■ Material provided
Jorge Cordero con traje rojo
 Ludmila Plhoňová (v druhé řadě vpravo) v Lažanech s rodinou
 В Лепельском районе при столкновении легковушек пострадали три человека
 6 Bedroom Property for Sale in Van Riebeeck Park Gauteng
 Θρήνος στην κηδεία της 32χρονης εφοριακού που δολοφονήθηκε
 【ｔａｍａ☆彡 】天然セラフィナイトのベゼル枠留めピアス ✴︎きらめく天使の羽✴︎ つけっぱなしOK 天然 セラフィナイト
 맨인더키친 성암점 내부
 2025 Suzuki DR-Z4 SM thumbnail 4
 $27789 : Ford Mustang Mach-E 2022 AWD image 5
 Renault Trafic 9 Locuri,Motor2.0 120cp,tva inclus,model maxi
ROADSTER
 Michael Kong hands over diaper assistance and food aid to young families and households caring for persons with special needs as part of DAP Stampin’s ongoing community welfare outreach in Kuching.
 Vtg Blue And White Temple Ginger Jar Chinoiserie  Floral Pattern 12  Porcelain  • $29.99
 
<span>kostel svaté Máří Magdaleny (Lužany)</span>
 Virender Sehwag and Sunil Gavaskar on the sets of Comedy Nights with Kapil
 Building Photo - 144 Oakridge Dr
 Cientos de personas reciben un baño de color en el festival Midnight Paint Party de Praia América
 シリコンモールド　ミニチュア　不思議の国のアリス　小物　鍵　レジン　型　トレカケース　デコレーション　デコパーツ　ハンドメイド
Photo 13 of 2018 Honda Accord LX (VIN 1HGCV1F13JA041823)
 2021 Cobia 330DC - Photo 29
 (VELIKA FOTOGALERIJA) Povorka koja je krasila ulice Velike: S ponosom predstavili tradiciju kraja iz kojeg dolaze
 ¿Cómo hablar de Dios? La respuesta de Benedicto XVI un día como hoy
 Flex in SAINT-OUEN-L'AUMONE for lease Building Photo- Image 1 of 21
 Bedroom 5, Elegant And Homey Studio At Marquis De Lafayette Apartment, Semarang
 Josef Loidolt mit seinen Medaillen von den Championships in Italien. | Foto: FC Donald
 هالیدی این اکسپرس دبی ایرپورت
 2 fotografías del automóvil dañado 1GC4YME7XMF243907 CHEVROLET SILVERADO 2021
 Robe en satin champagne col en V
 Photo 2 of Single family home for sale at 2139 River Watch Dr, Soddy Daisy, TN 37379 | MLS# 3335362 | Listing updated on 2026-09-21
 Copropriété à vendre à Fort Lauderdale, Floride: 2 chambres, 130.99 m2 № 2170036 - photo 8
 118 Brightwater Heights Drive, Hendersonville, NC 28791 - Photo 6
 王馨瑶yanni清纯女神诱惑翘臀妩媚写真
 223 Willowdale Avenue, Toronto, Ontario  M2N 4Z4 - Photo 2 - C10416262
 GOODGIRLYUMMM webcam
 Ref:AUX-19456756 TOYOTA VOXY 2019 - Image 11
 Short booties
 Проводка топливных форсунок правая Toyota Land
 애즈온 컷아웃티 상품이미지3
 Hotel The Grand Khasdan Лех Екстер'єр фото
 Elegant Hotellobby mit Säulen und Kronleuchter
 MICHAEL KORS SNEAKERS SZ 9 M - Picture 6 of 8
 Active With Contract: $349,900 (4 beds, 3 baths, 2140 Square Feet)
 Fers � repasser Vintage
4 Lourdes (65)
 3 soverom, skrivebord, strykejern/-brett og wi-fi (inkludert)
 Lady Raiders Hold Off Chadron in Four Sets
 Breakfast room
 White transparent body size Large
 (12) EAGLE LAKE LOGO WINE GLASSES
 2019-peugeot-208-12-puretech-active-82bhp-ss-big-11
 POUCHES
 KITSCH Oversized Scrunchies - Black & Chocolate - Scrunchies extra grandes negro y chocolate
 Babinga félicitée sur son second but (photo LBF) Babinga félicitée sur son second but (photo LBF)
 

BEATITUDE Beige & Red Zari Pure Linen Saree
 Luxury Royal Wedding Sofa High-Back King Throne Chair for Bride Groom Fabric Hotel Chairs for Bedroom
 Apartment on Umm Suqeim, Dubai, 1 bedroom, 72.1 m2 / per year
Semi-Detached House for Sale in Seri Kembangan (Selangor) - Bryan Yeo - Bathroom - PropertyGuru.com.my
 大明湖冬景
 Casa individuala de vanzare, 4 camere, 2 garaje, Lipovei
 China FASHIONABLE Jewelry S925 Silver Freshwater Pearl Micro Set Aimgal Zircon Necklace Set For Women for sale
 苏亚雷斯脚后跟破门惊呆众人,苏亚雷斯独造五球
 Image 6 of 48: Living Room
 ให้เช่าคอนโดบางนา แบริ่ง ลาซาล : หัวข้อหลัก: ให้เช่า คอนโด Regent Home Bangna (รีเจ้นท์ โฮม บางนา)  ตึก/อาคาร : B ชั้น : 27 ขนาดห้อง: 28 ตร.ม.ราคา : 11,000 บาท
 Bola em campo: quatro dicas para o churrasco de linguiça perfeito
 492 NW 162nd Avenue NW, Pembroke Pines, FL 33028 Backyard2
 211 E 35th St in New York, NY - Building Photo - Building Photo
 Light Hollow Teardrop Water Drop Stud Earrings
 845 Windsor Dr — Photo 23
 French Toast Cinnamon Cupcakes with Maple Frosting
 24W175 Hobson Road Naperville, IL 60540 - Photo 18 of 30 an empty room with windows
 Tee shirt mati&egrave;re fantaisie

■ Problem
Each line in the listing that contains "Building" should be returned.

■ Reply
 Building Photo - 144 Oakridge Dr
 Flex in SAINT-OUEN-L'AUMONE for lease Building Photo- Image 1 of 21
 211 E 35th St in New York, NY - Building Photo - Building Photo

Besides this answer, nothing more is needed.